-- TO DO --
Look for "Assembly" in the listing below. Gather each line that contains it.

-- EXTRACTED ENTRIES --

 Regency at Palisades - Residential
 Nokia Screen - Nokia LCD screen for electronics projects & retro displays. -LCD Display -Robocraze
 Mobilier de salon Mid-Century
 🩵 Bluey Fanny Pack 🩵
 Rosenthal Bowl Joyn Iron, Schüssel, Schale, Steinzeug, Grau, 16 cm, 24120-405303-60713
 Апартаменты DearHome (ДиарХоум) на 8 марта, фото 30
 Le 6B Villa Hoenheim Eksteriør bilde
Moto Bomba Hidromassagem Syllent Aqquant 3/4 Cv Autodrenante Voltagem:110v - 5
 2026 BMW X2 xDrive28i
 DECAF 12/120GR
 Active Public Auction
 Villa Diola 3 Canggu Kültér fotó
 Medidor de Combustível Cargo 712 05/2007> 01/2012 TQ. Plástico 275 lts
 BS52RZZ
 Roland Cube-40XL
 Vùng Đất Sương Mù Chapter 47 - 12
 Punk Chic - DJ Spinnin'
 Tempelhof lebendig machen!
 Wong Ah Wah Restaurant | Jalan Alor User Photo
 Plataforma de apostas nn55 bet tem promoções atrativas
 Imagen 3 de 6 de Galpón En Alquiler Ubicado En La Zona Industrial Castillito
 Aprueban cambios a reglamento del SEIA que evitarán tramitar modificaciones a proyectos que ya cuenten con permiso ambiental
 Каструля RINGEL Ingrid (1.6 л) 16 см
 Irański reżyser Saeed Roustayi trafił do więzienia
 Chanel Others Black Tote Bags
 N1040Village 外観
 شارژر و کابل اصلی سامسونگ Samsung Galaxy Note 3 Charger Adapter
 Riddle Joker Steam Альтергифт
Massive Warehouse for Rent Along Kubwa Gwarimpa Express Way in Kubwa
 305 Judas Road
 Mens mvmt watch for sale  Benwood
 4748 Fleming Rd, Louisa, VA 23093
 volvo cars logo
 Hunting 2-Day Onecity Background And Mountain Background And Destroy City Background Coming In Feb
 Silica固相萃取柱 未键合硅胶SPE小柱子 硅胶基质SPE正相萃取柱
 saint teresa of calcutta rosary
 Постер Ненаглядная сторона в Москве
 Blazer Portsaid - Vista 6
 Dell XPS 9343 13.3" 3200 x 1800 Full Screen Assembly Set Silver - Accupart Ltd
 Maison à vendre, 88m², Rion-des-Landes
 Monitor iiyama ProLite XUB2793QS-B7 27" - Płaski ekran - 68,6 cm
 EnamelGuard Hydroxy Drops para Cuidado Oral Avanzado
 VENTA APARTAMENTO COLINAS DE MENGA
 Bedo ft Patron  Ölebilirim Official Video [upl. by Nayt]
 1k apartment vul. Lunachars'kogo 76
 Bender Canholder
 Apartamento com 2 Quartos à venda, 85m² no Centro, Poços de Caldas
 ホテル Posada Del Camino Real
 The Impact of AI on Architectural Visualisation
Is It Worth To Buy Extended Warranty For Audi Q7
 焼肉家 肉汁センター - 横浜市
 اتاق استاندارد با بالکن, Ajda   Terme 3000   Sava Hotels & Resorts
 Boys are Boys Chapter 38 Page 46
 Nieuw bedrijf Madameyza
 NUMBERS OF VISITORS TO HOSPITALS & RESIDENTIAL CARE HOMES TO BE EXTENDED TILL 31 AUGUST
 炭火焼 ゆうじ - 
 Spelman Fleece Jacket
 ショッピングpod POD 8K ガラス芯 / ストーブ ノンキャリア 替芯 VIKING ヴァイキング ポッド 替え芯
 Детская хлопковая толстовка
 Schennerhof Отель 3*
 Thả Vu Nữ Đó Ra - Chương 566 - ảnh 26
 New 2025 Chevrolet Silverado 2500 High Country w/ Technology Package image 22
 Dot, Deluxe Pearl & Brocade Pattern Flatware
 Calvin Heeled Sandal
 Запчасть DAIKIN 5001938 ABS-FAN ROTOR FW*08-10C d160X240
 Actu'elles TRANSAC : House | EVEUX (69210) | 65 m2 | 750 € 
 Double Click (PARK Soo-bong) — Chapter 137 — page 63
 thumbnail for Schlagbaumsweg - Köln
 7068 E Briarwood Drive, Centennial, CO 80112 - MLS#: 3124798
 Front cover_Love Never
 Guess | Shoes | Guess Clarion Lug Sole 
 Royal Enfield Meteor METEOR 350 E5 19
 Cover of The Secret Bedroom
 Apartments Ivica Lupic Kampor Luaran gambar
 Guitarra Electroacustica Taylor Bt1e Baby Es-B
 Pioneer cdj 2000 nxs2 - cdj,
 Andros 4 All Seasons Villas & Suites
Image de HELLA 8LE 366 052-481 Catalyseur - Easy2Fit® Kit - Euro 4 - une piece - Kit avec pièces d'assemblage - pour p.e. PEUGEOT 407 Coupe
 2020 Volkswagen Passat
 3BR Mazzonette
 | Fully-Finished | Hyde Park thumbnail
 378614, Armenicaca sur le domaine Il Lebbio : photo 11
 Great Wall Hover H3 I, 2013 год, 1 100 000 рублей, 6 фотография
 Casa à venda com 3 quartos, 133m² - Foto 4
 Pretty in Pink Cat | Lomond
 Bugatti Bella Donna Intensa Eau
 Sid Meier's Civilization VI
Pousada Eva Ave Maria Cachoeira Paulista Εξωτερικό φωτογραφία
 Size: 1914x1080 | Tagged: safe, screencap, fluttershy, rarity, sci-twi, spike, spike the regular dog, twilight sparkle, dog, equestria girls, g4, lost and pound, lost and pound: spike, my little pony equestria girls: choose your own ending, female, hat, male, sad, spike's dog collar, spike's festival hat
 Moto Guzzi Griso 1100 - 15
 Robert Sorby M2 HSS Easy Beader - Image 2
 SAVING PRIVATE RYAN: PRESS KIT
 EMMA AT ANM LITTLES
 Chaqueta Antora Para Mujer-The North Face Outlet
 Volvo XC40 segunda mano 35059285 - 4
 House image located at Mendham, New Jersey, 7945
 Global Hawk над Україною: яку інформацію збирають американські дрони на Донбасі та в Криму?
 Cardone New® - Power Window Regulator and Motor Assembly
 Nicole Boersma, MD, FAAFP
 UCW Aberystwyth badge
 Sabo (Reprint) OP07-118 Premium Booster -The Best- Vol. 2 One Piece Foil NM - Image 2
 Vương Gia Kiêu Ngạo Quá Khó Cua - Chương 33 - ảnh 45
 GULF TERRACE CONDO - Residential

-- FINISHED EXERCISE --
 Dell XPS 9343 13.3" 3200 x 1800 Full Screen Assembly Set Silver - Accupart Ltd
 Cardone New® - Power Window Regulator and Motor Assembly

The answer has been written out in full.